Data —
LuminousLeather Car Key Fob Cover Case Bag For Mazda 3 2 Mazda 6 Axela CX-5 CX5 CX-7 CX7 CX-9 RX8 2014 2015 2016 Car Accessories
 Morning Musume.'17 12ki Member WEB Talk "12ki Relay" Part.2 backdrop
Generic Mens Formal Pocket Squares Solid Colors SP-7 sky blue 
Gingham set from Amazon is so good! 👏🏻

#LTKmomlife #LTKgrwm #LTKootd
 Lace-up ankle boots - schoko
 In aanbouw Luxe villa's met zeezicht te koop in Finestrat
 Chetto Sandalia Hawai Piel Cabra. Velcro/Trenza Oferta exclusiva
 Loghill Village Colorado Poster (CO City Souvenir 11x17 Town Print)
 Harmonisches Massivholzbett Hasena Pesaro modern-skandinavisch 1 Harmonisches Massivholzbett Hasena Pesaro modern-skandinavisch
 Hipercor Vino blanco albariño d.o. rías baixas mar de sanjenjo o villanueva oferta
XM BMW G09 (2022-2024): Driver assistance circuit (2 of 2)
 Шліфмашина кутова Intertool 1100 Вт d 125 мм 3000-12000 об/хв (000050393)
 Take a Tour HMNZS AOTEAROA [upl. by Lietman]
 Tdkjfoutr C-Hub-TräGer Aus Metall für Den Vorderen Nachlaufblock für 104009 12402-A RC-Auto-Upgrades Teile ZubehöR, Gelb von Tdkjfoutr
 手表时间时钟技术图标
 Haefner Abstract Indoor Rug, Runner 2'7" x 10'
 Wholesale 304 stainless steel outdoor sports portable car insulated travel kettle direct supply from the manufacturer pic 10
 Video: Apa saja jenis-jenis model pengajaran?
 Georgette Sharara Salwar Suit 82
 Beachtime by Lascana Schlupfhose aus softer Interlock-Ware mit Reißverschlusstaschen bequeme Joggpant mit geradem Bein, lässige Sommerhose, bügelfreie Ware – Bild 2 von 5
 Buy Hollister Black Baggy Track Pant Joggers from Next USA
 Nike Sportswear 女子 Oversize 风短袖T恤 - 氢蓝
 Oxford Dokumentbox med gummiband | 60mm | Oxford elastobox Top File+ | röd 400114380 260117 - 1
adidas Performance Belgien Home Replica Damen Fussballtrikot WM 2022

Aim of the exercise — Every record above needs to be given again exactly.

Response box —
LuminousLeather Car Key Fob Cover Case Bag For Mazda 3 2 Mazda 6 Axela CX-5 CX5 CX-7 CX7 CX-9 RX8 2014 2015 2016 Car Accessories
 Morning Musume.'17 12ki Member WEB Talk "12ki Relay" Part.2 backdrop
Generic Mens Formal Pocket Squares Solid Colors SP-7 sky blue 
Gingham set from Amazon is so good! 👏🏻

#LTKmomlife #LTKgrwm #LTKootd
 Lace-up ankle boots - schoko
 In aanbouw Luxe villa's met zeezicht te koop in Finestrat
 Chetto Sandalia Hawai Piel Cabra. Velcro/Trenza Oferta exclusiva
 Loghill Village Colorado Poster (CO City Souvenir 11x17 Town Print)
 Harmonisches Massivholzbett Hasena Pesaro modern-skandinavisch 1 Harmonisches Massivholzbett Hasena Pesaro modern-skandinavisch
 Hipercor Vino blanco albariño d.o. rías baixas mar de sanjenjo o villanueva oferta
XM BMW G09 (2022-2024): Driver assistance circuit (2 of 2)
 Шліфмашина кутова Intertool 1100 Вт d 125 мм 3000-12000 об/хв (000050393)
 Take a Tour HMNZS AOTEAROA [upl. by Lietman]
 Tdkjfoutr C-Hub-TräGer Aus Metall für Den Vorderen Nachlaufblock für 104009 12402-A RC-Auto-Upgrades Teile ZubehöR, Gelb von Tdkjfoutr
 手表时间时钟技术图标
 Haefner Abstract Indoor Rug, Runner 2'7" x 10'
 Wholesale 304 stainless steel outdoor sports portable car insulated travel kettle direct supply from the manufacturer pic 10
 Video: Apa saja jenis-jenis model pengajaran?
 Georgette Sharara Salwar Suit 82
 Beachtime by Lascana Schlupfhose aus softer Interlock-Ware mit Reißverschlusstaschen bequeme Joggpant mit geradem Bein, lässige Sommerhose, bügelfreie Ware – Bild 2 von 5
 Buy Hollister Black Baggy Track Pant Joggers from Next USA
 Nike Sportswear 女子 Oversize 风短袖T恤 - 氢蓝
 Oxford Dokumentbox med gummiband | 60mm | Oxford elastobox Top File+ | röd 400114380 260117 - 1
adidas Performance Belgien Home Replica Damen Fussballtrikot WM 2022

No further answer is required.